Instrumentation and score

External audio
Performed by the Berlin Philharmonic under Rafael Kubelík
I. Allegro non tanto
II. Adagio
III. Scherzo (Furiant: Presto)
IV. Finale (Allegro con spirito)

Score

The symphony is written in four movements:

Instrumentation

2 flutes (2nd doubling piccolo), 2 oboes, 2 clarinets, 2 bassoons, 4 horns, 2 trumpets, 3 trombones, tuba, timpani, strings.

The piccolo is only used in the third movement. The trombones and tuba are only used in the first and fourth movements.

Orchestration and style

Dvořák’s melodies are beautiful and often presented in the woodwinds and horns, as well as the strings. Dvořák frequently converses back and forth between groups of instruments, sometimes finishing one another’s phrases. The brass are used more as support in tutti passages, only occasionally leading the melody.

I. Allegro non tanto

The first movement is written in a traditional sonata form. It is in 3
4
time and in the key of D major. Dvořák has included extra melodic material with two primary themes, two transitional phrases, and two secondary themes.[17] The initial primary theme has three parts that Dvořák uses in many ways throughout the piece. The first (x), is an ascending fourth, followed by a repeated D with a dotted rhythm (y), and finally descending stepwise motion from the fifth scale degree to the second (z).[18]

First primary theme: Mvt. I, measures 2–10, flute and cello.[19]

The transition begins in measure 78 with an upward stepwise motive that could be seen as filling in the interval of a fourth, which opened the initial primary theme (x), or as an inversion of the downward stepwise motive that closes the same primary theme (z).[20] Either way, a connection can be drawn back to the initial primary theme.

The secondary area begins in measure 108. The initial secondary theme is in B minor and includes rhythmic similarities to the initial primary theme (y and z). In measure 120 the second secondary theme enters in B major. It is a lyrical theme presented in the oboe. This section begins pianissimo and gradually crescendos into the closing section in measure 161, which is also in B major.

Second secondary theme: Mvt. I, measures 120–123, oboe.[21]

The score includes a repeat of the exposition; however, this is not usually observed because Dvořák later decided to eliminate it. “He finally wrote in the score now owned by the Czech Philharmonic Orchestra: ‘once and for all without repetition.’”[22]

The development begins with the thematic elements of the first primary theme, using each of these fragments in turn, as well as material from the second transitional phrase. It begins very softly and gradually gathers excitement with an increase in orchestration, fugato sections, and circle-of-fifths progressions. Shortly before the recapitulation, the strings break into a homophonic fortissimo statement of rising quarter notes for eleven measures, marked pesante (measures 310–320), before the full orchestra joins in for the retransition into the recapitulation in D major.[22]

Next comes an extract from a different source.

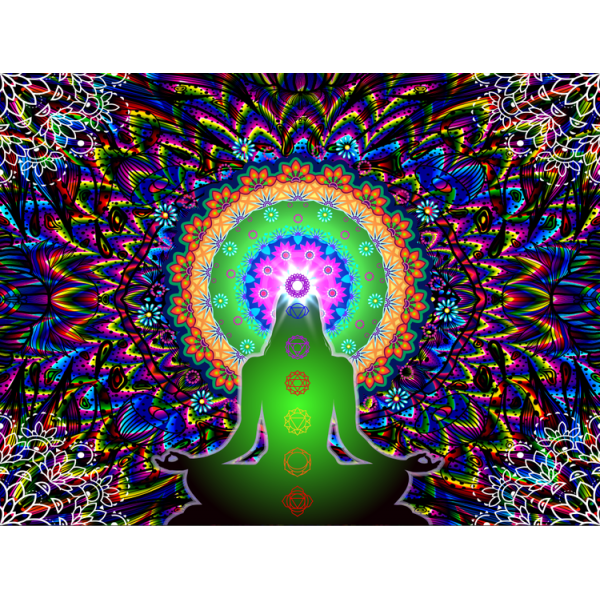 Buddha - UV Reactive Tapestry with Wall Hanging Accessories UK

The movement ends with a D major coda (measure 480) that reviews the previous themes over pedals emphasizing the dominant and tonic pitches. The same string pesante section that preceded the recapitulation returns in measure 512. The piece then builds to a fortissimo with a canon of the first primary theme in the trumpets and trombones that is taken up by the whole orchestra. The excitement decays to pianissimo for what appears to be a peaceful conclusion, until a unison fortissimo statement of the second secondary theme closes the movement.[22]

II. Adagio

The Adagio, in B major, is a loose rondo containing variations within the sections. The form can be described as A B A C A B A.[23] The Adagio is lightly scored with frequent woodwind solos. Otakar Šourek, an early 20th-century Dvořák scholar, wrote, “the second movement has the quality of a softly yearning nocturne and of an ardently passionate intermezzo.”[24] The main theme, or A section, is built on the interval of an upward fourth, just as the first movement begins (x). Much of the movement is focused on this theme, which returns many times and is varied throughout. Each A section is in B major.

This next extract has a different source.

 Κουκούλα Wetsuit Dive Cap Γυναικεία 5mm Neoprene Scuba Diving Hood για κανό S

Primary theme: Mvt. II, measures 5–12, violin I.[25]

The B sections feature a short falling motive and also incorporate material from the introduction of the movement, measures 1–4. The first B section (measures 35–72) moves to D major and is preceded by a modulatory transition. The B section returns in measure 156.

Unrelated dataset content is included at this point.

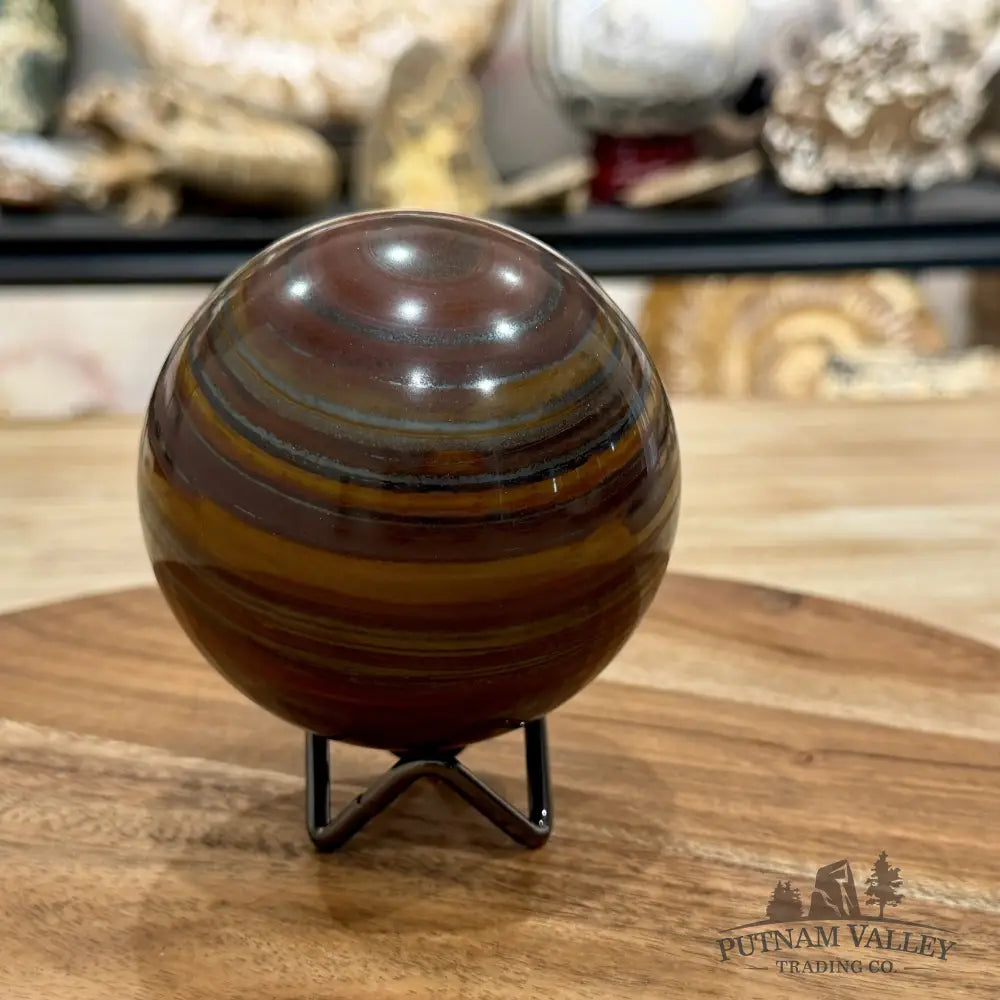 Reserve Australian Tiger Iron Sphere 3.43’’ - Sphere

The C section, measures 104–139, could be considered developmental.[26] It begins in B minor but moves away fairly quickly and is tonally unstable. It uses melodic material from the introduction as well as the main theme. In measures 115–122, the first four notes of the main theme are presented at half the speed, first at the original pitches, and then a major third higher. This material is then returned to the original rhythmic values and passed back and forth between the horn and oboe.

The Adagio closes with a simplified version of the opening of the main theme, which reveals the close relationship between the introductory material and the main theme. The movement ends with pianissimo woodwinds and overlapping motives, similar to the opening of the movement.

III. Scherzo (Furiant): Presto

The third movement incorporates a Czech dance, the Furiant. This is a quick dance in triple meter with hemiolas at the beginning of the phrase.[27] The effect is that the movement appears to alternate between 2
4
and 3
4
. The use of a Furiant is a nationalistic feature.

Primary theme: Mvt. III, measures 5–12, violin I.[28]

The form of the third movement is a ternary scherzo and trio. It is in D minor, moving to D major in the trio (measures 154–288). The opening scherzo has two sections which are both repeated. The melody is characterized by frequent hemiolas and a half-step interval in the first section. The second section is more lyrical and is in F major. The trio is much more relaxed and retains the triple meter feel throughout, with less hemiola interruption. The piccolo is featured in this section, with a lyrical solo over pizzicato strings. The trio winds down with a long D major harmony and the scherzo is ushered in with string section hemiolas. The closing scherzo is almost identical to the opening scherzo, but without repeats.

IV. Finale: Allegro con spirito

The Finale is in sonata form and follows the conventions of structure and harmonic motion. The exposition begins in D major with a primary theme that resembles the first primary theme of the first movement, including an upward interval of a fourth (x), a dotted rhythm on a repeated D (y), and stepwise motion.[29]

Primary theme: Mvt. IV, measures 1–6, Violin I.[30]

The secondary theme appears in measure 70 in the dominant, A major, and comprises a descending triplet figure. The development section (measures 139–318) reverses the order of themes, first exploring the secondary theme and then the primary theme, frequently with imitation.[31] The recapitulation is fairly straightforward. The piece concludes with a fiery coda beginning with a fugue section on the main theme and a counterpoint theme in quavers, with several homophonic passages that feature the brass and present the primary theme at half the speed. The symphony closes solidly with a tutti fortissimo statement.

Influences

Dvořák’s Symphony No. 6 has many similarities to symphonies by Brahms and Beethoven, as well as references to Czech folk tunes. These links have been proposed and debated by scholars and music critics.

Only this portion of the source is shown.